Phan Nga T, Wallwork Benjamin, Panizza Benedict
Aust Fam Physician. 2016 Aug;45(8):574-8.
Obstructive sleep apnoea (OSA) is a complex disease process that involves collapse of the upper airway during sleep and subsequent reduction or cessation of airflow. Continuous positive airway pressure (CPAP) is the primary treatment for OSA and is the recommended first-line treatment for patients with moderate-to-severe forms of the disease. However, some patients are unable to tolerate CPAP or are unwilling to accept it as a form of permanent management. In these cases, surgical management aimed at addressing anatomical obstruction may be useful and warranted.
This article presents an overview of the surgical options available for OSA. The review also describes a useful approach for selecting appropriate patients for surgery.

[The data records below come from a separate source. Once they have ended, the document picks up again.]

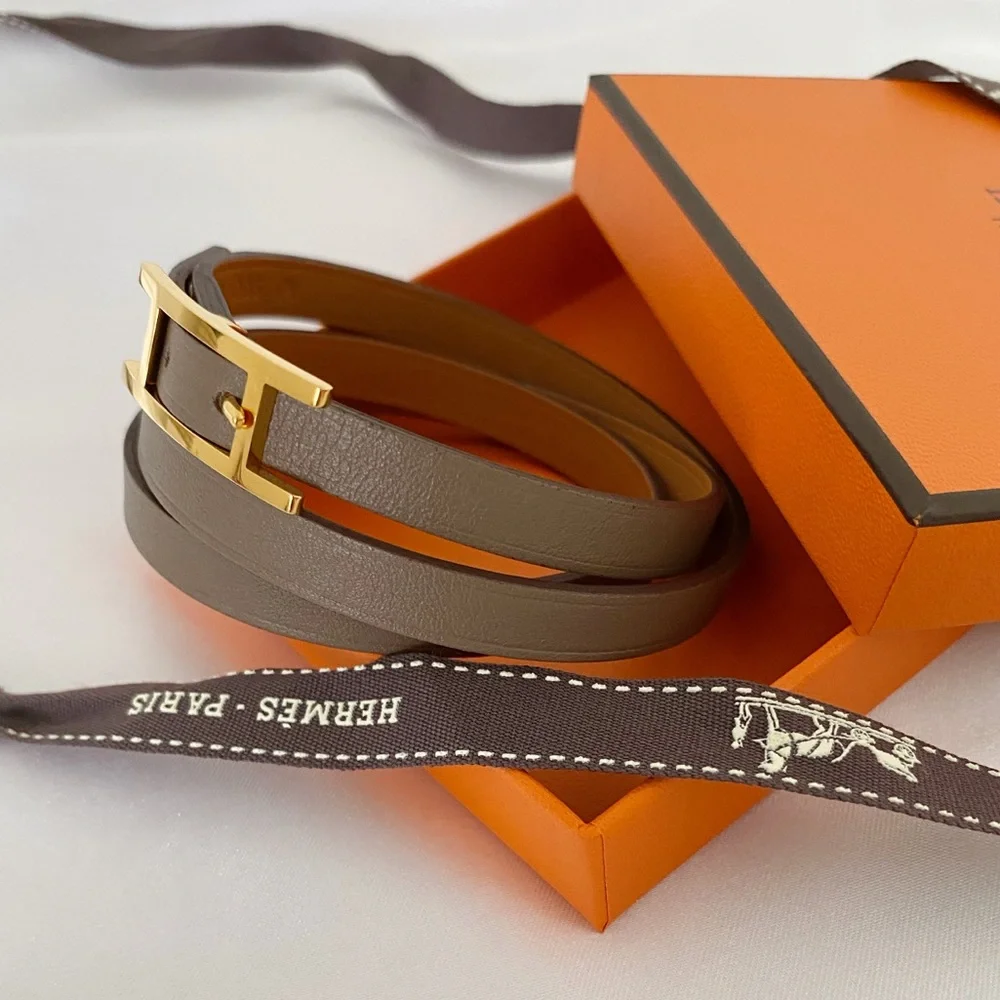 Hermes Hapi 3 Bracelet Medium Model, T1 - Picture 14 of 15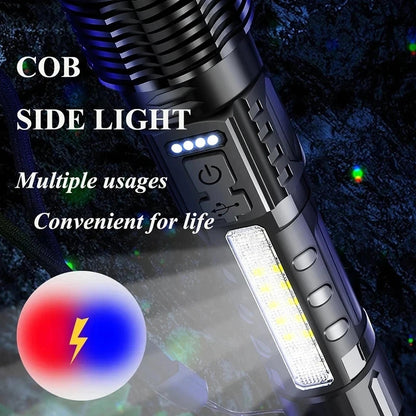 High Power Tactical Led  Emergency Warnings Flashlight Light 4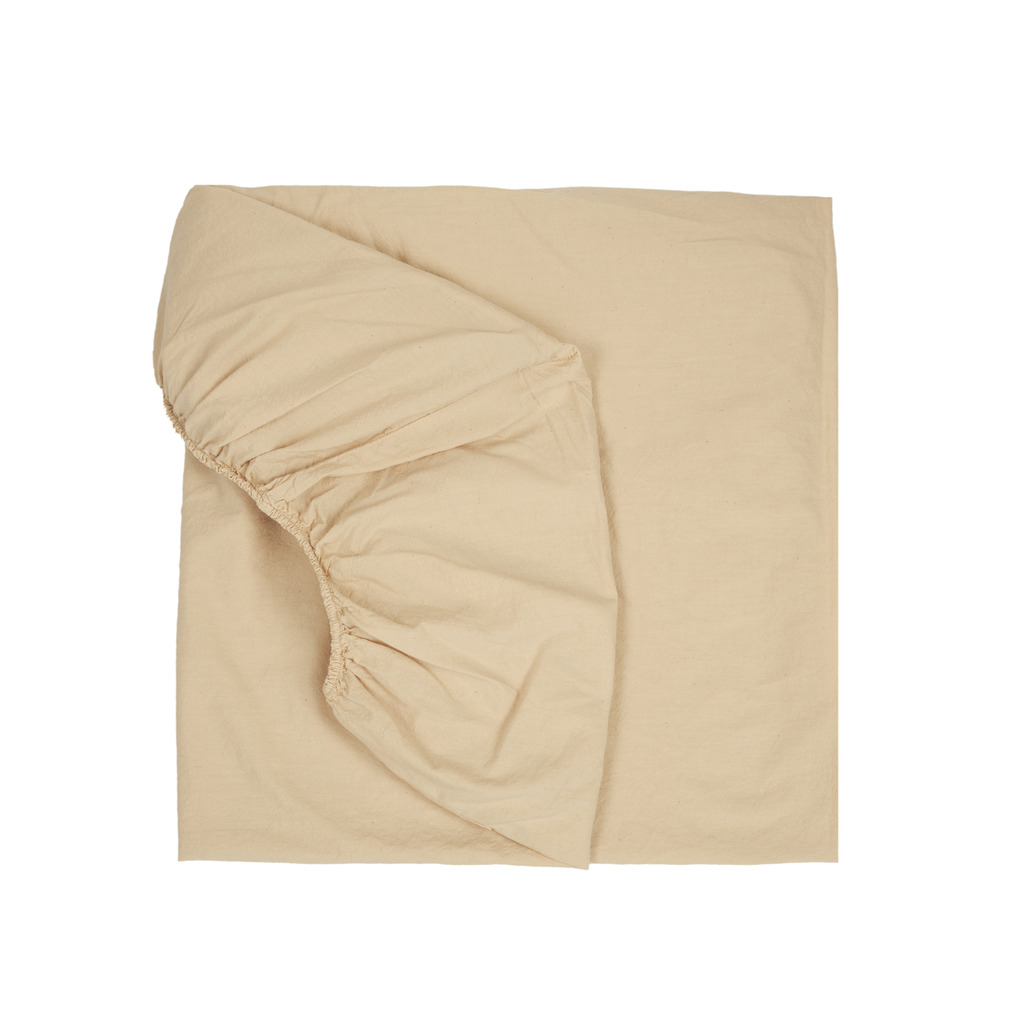 Nobodinoz hoeslaken ledikant wabi sabi 70x140 - beige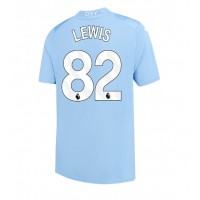 Manchester City Rico Lewis #82 Replika Hemmatröja 2023-24 Kortärmad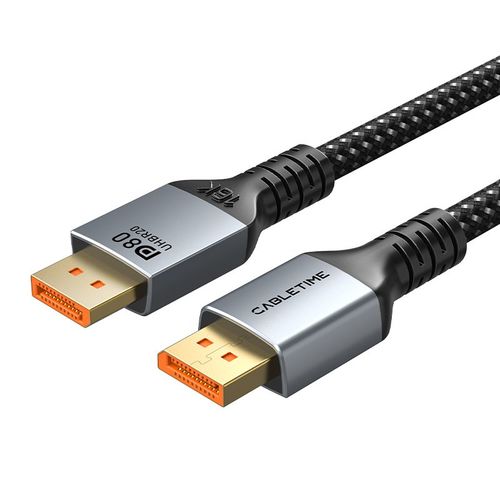 כבל Cabletime DisplayPort 2.1 - 2m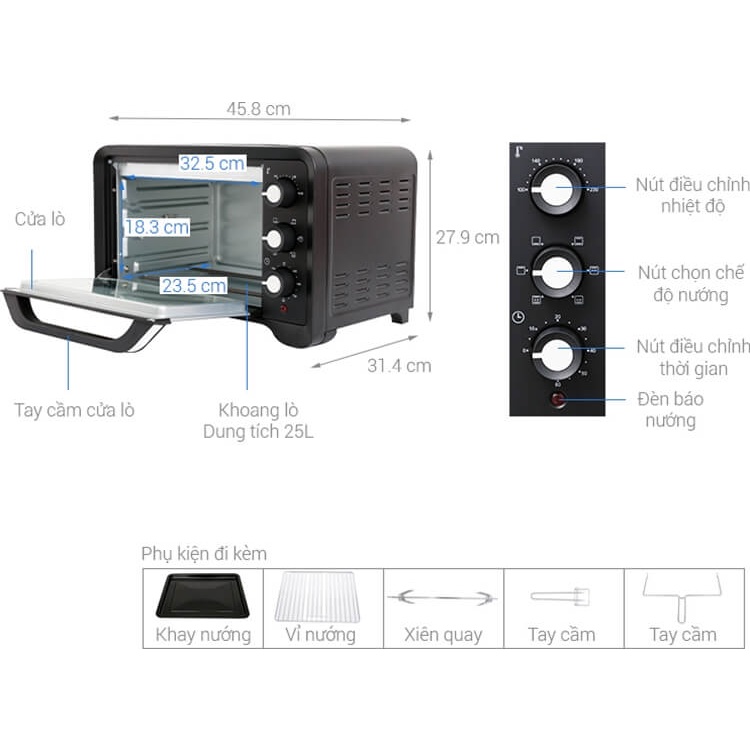 Lò Nướng Sanaky VH-259S2D (25L)
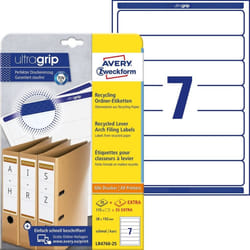 Avery LR4760-25 étiquette auto-collante Rectangle aux angles arrondis Permanent Blanc 210 pièce(s)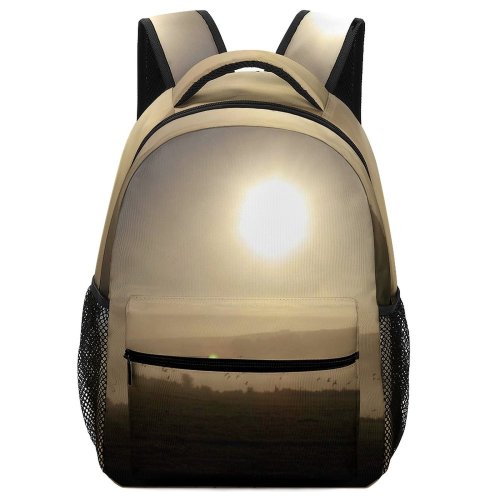 yanfind Children's Backpack  Light Outdoors Ireland  Fog Sunlight Clonakilty County Cork Sky Birds Preschool Nursery Travel Bag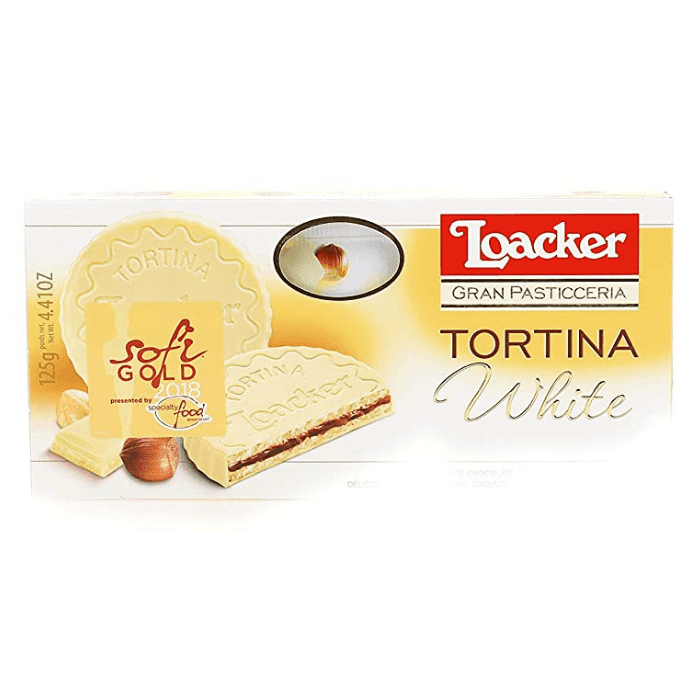 Loacker White Chocolate Covered Tortina, 4.41 oz Sweets & Snacks Loacker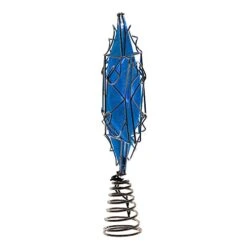 Kurt Adler UL 10-Light LED Silver And Blue Hanukkah Star Shimmer Treetop -National Tree Company Sale Shop 41nj4Cr92YL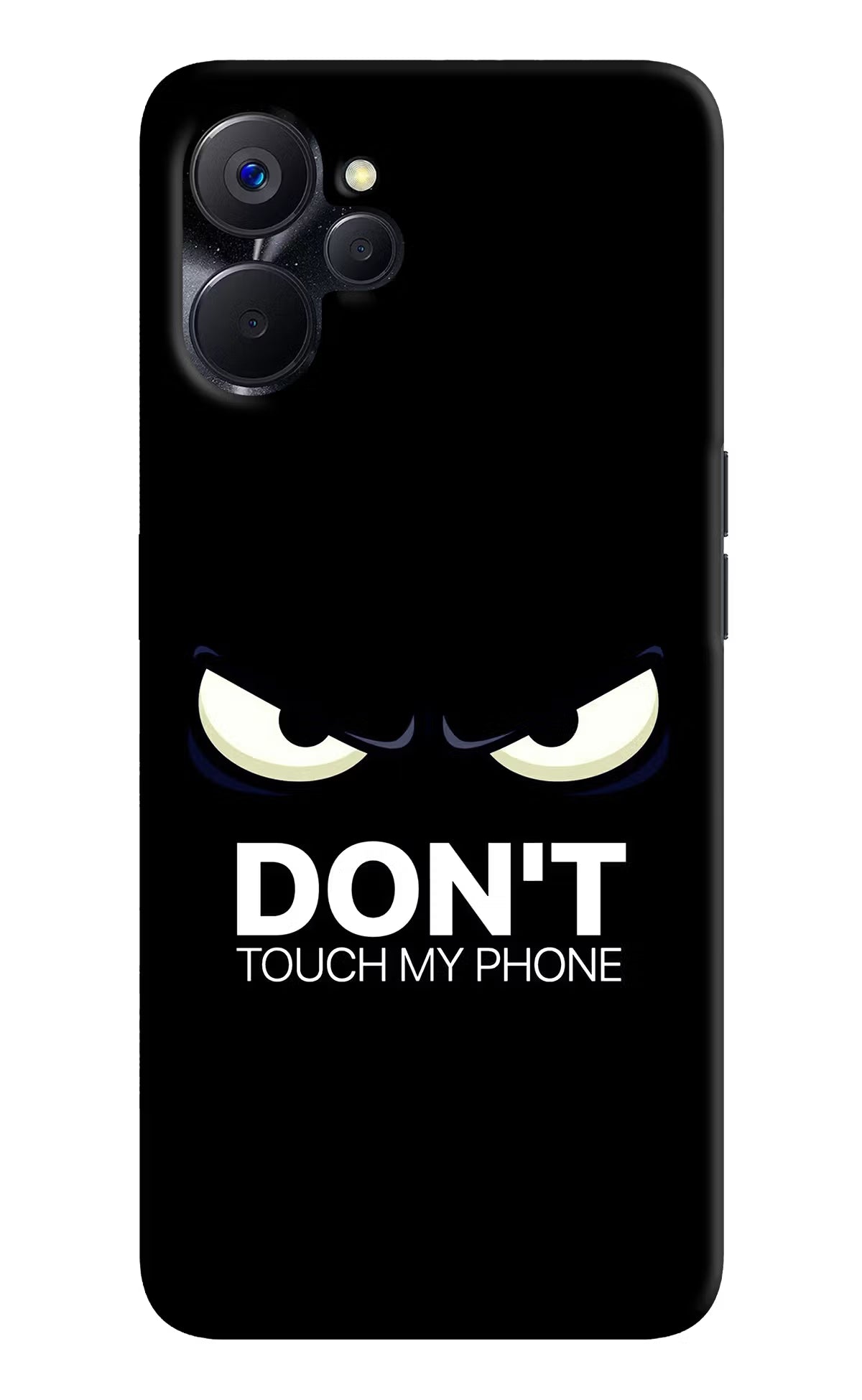 Don'T Touch My Phone Realme 9i 5G Hard Case Back Cover by Casekaro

On the basis of an OSA model that accounts for observed increased risk of stroke, cardiovascular disease and motor vehicle accidents, there is evidence to support that surgery is beneficial and cost-effective for patients with severe OSA who are intolerant of CPAP. There are many surgical options available for OSA.
阻塞性睡眠呼吸暂停(OSA)是一种复杂的疾病过程,涉及睡眠期间上呼吸道塌陷以及随后气流减少或停止。持续气道正压通气(CPAP)是OSA的主要治疗方法,也是中重度该疾病患者推荐的一线治疗方法。然而,一些患者无法耐受CPAP或不愿意接受其作为一种长期治疗方式。在这些情况下,旨在解决解剖学梗阻的手术治疗可能有用且必要。
本文概述了可用于OSA的手术选择。该综述还描述了一种为手术选择合适患者的有用方法。
基于一个考虑到观察到的中风、心血管疾病和机动车事故风险增加的OSA模型,有证据支持手术对于不耐受CPAP的重度OSA患者有益且具有成本效益。有许多手术选择可用于OSA。